Low libido in both men and women can be treated with testosterone, upon the advice of a doctor familiar with hormone-sensitive sarcoma. For women, this is an off-label use in the United States, but not in Europe. To get aroused, you may find it helpful to read or watch erotica, or get more affection (hugging, touching and kissing) from your partner. If a woman has had radiation therapy to her vaginal area, she may have scarring and need to use a vaginal dilator with lubricants to be able to engage in penile-vaginal intercourse.

Erectile dysfunction can be permanent or temporary, depending on the cancer treatment. Men can ask their health-care provider for oral medication, get a penile vacuum-erection device, learn to use penile injections or get a penile implant. What works for one man may not work for another.

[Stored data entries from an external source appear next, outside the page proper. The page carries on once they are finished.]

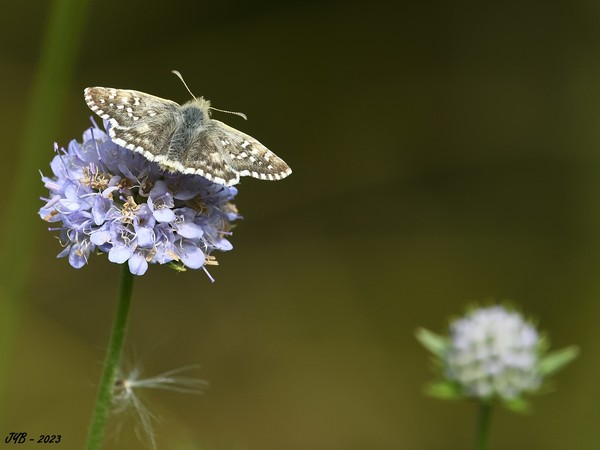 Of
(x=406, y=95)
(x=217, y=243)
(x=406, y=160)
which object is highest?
(x=406, y=95)


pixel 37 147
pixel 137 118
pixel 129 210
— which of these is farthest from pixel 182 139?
pixel 37 147

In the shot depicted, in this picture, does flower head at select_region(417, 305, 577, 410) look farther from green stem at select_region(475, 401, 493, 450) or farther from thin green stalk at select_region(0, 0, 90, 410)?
thin green stalk at select_region(0, 0, 90, 410)

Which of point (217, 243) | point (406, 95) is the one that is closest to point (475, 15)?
point (406, 95)

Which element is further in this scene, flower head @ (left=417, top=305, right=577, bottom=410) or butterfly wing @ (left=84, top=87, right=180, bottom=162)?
flower head @ (left=417, top=305, right=577, bottom=410)

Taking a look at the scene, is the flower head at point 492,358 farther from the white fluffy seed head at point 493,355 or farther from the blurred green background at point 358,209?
the blurred green background at point 358,209

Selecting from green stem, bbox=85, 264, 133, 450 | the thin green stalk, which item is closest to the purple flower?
green stem, bbox=85, 264, 133, 450

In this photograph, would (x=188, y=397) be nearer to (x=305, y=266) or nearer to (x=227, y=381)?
(x=227, y=381)

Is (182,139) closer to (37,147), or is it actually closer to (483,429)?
(37,147) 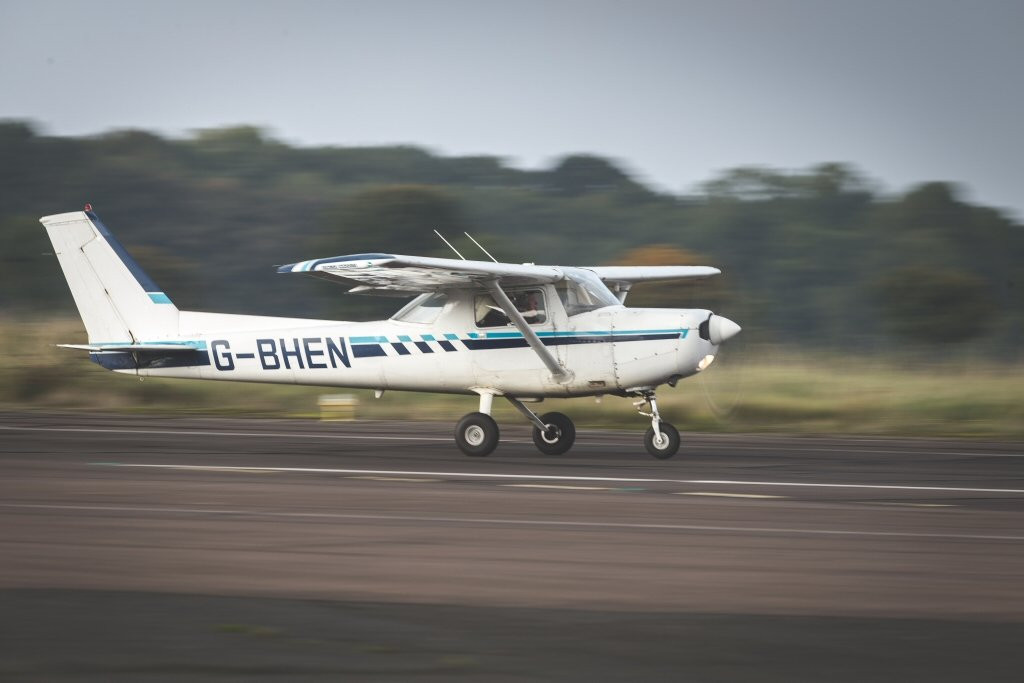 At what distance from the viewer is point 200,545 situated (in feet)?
26.7

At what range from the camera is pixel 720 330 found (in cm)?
1463

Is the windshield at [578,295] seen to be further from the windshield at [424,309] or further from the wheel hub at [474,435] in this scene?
the wheel hub at [474,435]

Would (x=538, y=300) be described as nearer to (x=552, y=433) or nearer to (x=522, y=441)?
(x=552, y=433)

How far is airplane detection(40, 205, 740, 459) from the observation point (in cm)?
1466

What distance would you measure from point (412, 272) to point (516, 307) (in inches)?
65.0

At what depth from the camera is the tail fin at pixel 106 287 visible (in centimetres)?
1605

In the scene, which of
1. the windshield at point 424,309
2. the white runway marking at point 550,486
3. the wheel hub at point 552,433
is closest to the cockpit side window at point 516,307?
the windshield at point 424,309

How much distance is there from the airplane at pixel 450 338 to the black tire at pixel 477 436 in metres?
0.01

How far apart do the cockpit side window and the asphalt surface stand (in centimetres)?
208

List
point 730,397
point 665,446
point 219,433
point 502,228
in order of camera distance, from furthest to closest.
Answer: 1. point 502,228
2. point 730,397
3. point 219,433
4. point 665,446

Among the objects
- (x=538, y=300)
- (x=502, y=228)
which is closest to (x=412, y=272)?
(x=538, y=300)

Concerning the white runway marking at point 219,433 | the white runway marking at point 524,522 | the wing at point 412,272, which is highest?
the wing at point 412,272

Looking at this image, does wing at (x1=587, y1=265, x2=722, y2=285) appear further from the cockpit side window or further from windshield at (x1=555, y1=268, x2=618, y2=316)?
the cockpit side window

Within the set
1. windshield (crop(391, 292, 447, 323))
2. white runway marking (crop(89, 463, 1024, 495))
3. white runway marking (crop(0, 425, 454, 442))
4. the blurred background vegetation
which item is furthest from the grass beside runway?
white runway marking (crop(89, 463, 1024, 495)) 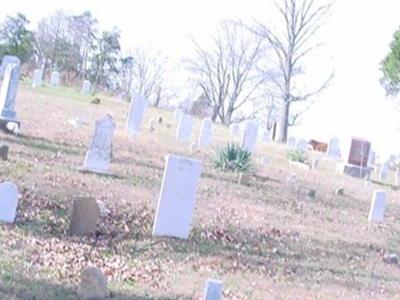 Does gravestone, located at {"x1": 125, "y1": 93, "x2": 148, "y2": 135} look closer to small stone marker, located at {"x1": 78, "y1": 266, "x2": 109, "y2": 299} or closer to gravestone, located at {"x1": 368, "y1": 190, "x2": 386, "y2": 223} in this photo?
gravestone, located at {"x1": 368, "y1": 190, "x2": 386, "y2": 223}

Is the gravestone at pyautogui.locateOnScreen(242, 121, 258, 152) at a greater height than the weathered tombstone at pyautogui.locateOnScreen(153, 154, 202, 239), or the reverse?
the gravestone at pyautogui.locateOnScreen(242, 121, 258, 152)

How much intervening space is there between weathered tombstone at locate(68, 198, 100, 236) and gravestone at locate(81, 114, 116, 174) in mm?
4094

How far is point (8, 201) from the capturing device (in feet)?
29.3

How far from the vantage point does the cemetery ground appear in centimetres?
761

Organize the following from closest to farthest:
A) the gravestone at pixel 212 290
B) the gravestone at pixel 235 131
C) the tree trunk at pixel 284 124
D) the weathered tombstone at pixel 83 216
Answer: the gravestone at pixel 212 290 < the weathered tombstone at pixel 83 216 < the gravestone at pixel 235 131 < the tree trunk at pixel 284 124

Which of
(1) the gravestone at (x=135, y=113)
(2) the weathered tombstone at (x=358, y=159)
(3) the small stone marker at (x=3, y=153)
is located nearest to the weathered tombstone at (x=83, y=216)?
(3) the small stone marker at (x=3, y=153)

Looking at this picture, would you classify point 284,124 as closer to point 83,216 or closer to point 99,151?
point 99,151

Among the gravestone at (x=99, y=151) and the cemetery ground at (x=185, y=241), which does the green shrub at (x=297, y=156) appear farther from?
the gravestone at (x=99, y=151)

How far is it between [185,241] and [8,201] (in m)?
2.37

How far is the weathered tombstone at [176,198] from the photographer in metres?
9.88

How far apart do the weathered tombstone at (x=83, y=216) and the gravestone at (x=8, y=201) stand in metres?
0.72

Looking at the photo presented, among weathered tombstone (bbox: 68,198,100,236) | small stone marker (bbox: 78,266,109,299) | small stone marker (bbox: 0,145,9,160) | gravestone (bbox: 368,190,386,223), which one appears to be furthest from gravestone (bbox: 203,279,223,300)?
gravestone (bbox: 368,190,386,223)

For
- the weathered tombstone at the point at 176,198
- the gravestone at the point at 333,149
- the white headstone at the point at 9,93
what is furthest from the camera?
the gravestone at the point at 333,149

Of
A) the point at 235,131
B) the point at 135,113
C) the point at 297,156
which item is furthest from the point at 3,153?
the point at 235,131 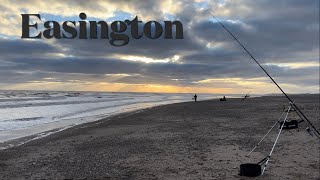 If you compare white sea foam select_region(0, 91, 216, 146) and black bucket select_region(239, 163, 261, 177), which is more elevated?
white sea foam select_region(0, 91, 216, 146)

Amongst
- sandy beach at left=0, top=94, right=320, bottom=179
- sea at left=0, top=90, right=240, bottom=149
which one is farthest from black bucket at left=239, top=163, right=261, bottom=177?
sea at left=0, top=90, right=240, bottom=149

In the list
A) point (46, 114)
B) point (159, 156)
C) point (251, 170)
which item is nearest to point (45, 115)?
point (46, 114)

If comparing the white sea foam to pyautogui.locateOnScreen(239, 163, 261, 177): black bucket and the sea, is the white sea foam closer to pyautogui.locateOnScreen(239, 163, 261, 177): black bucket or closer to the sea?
the sea

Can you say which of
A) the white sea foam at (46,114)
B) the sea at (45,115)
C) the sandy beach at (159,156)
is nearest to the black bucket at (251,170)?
the sandy beach at (159,156)

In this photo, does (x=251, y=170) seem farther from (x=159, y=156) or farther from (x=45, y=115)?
(x=45, y=115)

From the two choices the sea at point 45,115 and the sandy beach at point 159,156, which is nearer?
the sandy beach at point 159,156

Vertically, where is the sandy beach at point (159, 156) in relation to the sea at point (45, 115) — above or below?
below

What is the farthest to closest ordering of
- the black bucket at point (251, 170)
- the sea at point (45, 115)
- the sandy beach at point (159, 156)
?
the sea at point (45, 115)
the sandy beach at point (159, 156)
the black bucket at point (251, 170)

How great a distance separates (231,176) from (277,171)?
1423 millimetres

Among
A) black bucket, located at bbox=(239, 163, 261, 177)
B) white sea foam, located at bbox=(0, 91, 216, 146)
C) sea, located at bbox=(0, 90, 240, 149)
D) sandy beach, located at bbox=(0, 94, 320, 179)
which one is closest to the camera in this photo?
black bucket, located at bbox=(239, 163, 261, 177)

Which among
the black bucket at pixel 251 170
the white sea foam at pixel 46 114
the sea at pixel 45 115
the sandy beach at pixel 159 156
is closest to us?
the black bucket at pixel 251 170

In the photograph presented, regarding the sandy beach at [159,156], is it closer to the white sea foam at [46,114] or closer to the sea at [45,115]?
the sea at [45,115]

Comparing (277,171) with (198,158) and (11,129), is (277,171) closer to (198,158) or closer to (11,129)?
(198,158)

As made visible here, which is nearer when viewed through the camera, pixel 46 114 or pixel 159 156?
pixel 159 156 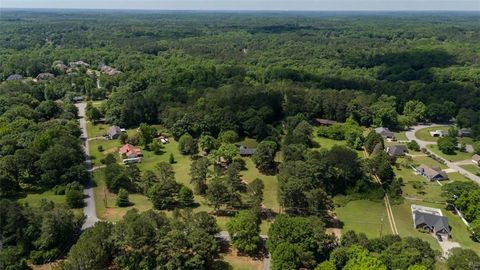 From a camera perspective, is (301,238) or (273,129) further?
(273,129)

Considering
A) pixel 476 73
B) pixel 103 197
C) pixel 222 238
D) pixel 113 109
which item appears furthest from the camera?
pixel 476 73

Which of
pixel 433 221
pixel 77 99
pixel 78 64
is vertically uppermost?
pixel 78 64

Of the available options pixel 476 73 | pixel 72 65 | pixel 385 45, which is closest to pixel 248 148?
pixel 476 73

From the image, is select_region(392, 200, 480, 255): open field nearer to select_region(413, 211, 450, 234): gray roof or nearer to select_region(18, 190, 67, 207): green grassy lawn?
select_region(413, 211, 450, 234): gray roof

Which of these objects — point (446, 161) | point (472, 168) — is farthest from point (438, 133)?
point (472, 168)

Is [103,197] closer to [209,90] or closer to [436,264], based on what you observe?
[436,264]

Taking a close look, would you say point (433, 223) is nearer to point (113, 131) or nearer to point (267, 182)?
point (267, 182) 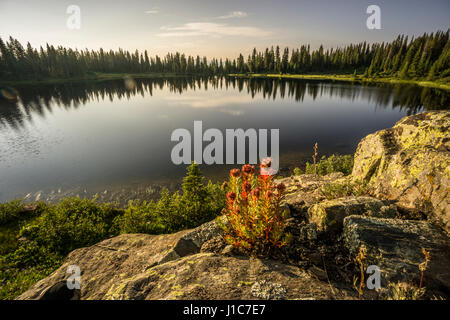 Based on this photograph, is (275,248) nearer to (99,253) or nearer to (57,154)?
(99,253)

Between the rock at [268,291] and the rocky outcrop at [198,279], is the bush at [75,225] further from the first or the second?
the rock at [268,291]

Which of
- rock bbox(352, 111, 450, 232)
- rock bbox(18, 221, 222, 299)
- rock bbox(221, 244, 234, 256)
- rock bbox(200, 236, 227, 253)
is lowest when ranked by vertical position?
rock bbox(18, 221, 222, 299)

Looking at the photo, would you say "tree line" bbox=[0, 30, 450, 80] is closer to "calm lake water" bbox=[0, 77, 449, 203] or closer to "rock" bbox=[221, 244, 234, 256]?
"calm lake water" bbox=[0, 77, 449, 203]

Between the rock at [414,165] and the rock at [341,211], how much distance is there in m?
0.76

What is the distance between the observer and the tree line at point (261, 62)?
94306 millimetres

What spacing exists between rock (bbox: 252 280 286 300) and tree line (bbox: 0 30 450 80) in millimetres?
125329

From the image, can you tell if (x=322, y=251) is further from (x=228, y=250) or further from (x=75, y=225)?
(x=75, y=225)

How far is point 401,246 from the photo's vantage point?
352 centimetres

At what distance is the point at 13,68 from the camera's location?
319ft

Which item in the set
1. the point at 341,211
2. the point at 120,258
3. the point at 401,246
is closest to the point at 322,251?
the point at 341,211

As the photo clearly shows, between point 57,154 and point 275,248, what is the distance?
30382 millimetres

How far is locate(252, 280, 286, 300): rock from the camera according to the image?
2.86m

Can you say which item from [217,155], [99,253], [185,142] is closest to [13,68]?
[185,142]

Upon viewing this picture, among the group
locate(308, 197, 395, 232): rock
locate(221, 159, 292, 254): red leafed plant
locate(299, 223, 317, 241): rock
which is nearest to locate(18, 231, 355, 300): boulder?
locate(221, 159, 292, 254): red leafed plant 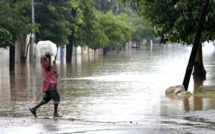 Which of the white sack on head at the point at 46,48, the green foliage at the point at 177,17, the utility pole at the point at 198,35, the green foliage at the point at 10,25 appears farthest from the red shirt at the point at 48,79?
the green foliage at the point at 10,25

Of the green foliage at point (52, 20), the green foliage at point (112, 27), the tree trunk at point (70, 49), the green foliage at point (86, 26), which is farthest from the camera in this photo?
the green foliage at point (112, 27)

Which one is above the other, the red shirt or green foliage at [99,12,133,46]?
green foliage at [99,12,133,46]

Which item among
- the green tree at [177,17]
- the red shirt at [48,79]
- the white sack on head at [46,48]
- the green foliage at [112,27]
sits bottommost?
the red shirt at [48,79]

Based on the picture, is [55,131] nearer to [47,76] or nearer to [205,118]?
[47,76]

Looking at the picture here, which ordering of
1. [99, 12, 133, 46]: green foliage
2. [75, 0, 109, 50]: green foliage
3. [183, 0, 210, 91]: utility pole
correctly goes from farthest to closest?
1. [99, 12, 133, 46]: green foliage
2. [75, 0, 109, 50]: green foliage
3. [183, 0, 210, 91]: utility pole

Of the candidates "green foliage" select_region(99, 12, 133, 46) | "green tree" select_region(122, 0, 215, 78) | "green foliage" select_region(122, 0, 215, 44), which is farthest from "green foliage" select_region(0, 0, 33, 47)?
"green foliage" select_region(99, 12, 133, 46)

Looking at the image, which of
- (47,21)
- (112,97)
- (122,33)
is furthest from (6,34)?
(122,33)

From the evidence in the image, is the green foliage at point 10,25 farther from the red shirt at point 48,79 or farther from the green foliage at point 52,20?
the red shirt at point 48,79

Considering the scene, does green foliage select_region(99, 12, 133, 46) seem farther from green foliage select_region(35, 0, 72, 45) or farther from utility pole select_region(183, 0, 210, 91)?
utility pole select_region(183, 0, 210, 91)

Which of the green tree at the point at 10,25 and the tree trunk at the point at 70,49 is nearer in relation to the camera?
the green tree at the point at 10,25

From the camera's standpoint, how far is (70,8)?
178 feet

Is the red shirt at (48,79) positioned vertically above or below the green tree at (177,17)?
below

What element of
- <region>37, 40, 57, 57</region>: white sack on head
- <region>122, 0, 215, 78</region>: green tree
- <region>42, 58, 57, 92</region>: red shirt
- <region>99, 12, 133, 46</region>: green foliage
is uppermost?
<region>99, 12, 133, 46</region>: green foliage

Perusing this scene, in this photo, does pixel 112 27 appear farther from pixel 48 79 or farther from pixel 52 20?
pixel 48 79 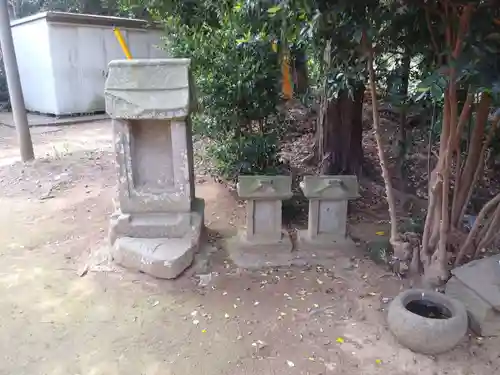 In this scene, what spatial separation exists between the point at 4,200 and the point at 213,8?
11.5 ft

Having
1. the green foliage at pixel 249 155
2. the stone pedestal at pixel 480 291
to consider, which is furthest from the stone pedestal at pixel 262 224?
the stone pedestal at pixel 480 291

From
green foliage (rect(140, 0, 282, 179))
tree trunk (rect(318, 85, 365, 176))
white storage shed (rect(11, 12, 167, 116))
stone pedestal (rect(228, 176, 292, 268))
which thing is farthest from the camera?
white storage shed (rect(11, 12, 167, 116))

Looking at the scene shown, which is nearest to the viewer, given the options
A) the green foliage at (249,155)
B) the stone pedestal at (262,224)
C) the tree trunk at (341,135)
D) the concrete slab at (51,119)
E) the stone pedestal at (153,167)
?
the stone pedestal at (153,167)

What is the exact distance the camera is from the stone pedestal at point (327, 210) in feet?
12.1

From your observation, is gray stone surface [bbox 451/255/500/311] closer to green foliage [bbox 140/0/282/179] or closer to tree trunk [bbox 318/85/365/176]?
green foliage [bbox 140/0/282/179]

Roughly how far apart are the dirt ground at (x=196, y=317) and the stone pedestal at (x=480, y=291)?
105 millimetres

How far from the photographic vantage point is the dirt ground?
2541mm

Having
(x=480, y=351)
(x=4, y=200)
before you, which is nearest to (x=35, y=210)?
(x=4, y=200)

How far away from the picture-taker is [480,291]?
2730 millimetres

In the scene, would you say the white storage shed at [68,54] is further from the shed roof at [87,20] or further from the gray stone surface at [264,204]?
the gray stone surface at [264,204]

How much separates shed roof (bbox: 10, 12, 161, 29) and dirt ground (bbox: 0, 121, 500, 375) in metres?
7.25

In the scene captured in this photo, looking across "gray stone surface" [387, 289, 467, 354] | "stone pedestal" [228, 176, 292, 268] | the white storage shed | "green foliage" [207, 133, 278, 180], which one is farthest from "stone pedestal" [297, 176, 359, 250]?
the white storage shed

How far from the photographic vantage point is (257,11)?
8.27 feet

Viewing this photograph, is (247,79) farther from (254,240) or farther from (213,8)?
(254,240) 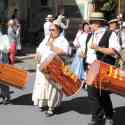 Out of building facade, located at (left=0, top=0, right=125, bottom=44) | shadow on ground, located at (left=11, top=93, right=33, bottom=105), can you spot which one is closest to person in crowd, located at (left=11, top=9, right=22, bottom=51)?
building facade, located at (left=0, top=0, right=125, bottom=44)

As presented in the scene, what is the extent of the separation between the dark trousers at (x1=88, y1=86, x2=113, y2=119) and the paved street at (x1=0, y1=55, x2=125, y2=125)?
1.87 ft

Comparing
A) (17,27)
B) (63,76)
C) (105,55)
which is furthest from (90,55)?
(17,27)

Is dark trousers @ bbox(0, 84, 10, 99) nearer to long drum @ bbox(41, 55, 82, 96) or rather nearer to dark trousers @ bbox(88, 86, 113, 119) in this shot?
long drum @ bbox(41, 55, 82, 96)

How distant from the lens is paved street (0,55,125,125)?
8648 mm

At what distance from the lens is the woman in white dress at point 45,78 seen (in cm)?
864

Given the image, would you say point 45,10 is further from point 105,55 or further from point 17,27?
point 105,55

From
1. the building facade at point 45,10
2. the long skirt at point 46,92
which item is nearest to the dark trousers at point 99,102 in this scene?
the long skirt at point 46,92

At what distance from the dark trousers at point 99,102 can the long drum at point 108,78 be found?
1.05 ft

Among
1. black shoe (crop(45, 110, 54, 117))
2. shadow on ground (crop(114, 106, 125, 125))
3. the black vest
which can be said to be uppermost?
the black vest

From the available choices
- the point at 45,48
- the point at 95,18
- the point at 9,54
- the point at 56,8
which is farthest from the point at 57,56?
the point at 56,8

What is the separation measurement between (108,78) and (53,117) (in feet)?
6.38

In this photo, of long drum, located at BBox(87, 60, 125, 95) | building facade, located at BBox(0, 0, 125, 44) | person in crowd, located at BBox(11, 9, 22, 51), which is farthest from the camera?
building facade, located at BBox(0, 0, 125, 44)

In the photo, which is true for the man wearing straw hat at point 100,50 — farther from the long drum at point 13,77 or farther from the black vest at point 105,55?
the long drum at point 13,77

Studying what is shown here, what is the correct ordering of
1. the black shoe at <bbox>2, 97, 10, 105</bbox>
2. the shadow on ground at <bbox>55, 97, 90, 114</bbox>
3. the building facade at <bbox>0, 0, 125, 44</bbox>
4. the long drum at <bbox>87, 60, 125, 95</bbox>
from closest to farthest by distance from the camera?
the long drum at <bbox>87, 60, 125, 95</bbox>
the shadow on ground at <bbox>55, 97, 90, 114</bbox>
the black shoe at <bbox>2, 97, 10, 105</bbox>
the building facade at <bbox>0, 0, 125, 44</bbox>
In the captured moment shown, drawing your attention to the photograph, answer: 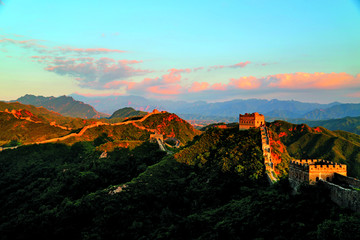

Orgasms may change after cancer: They may be less forceful, take longer or not happen at all. Changing positions can help, as can the use of erotic devices. Depending on their treatment, some men may have less ejaculate, “dry” orgasms or retrograde ejaculations, where the seminal fluid goes into the bladder and then out of the body with urination. They continue to experience pleasure with orgasm, but it is different.

Insomnia can occur or worsen after a cancer diagnosis. It is important to get help for this so you have energy to enjoy your life. You will not be very interested in sexual activities if you can’t sleep.

Depression can happen at any time in your life, but cancer survivors have a 20 to 40 percent rate of depression. When you are depressed, you may not be interested in any activity, including sex. Seek treatment from a health-care provider.

Anxiety can keep you from focusing on sexual activities and enjoying them. It can also interfere with sleep and concentration. It is important to have this treated.

Fertility loss can be devastating. Sometimes you have the luxury of sperm- or egg-banking, but often this is not an option because the cancer needs immediate treatment. Couples need counseling to help deal with this loss and to find other options for having children. If you are single, you may feel that no one will be interested in you if you are sterile, but you would be surprised at how little this affects your dating prospects.

A factor in adjusting sexually after surviving cancer is your feelings about sexuality before cancer. Often people have a pattern of sexual behavior before diagnosis and attempt to return to it after treatment. If you have discomfort or fail to function as before, do not stop trying. The cancer experience encourages a more intimate and intense interpersonal relationship, and you can build on that as your relationship continues.

One of the most important factors in improving your sexual relationship is communication: Talk about it. Ask health-care practitioners about sexual concerns; they can address them or refer you to someone who can. You do not have to suffer in silence — help is available. If sexuality is important to you, then it should be important to your health-care practitioner, too.

Mary K. Hughes has been a clinical nurse specialist in the psychiatry department at The University of Texas M.D. Anderson Cancer Center since 1990. She is a clinical instructor in nursing at Texas Woman’s University in Houston and The University of Texas- Houston.  Over the past 20 years, she has assisted patients across the cancer continuum in dealing with quality-of-life issues such as depression, anxiety and insomnia as well as cancer-related sexuality changes. She has published on these subjects and lectures internationally and nationally about quality-of-life issues of those diagnosed with cancer.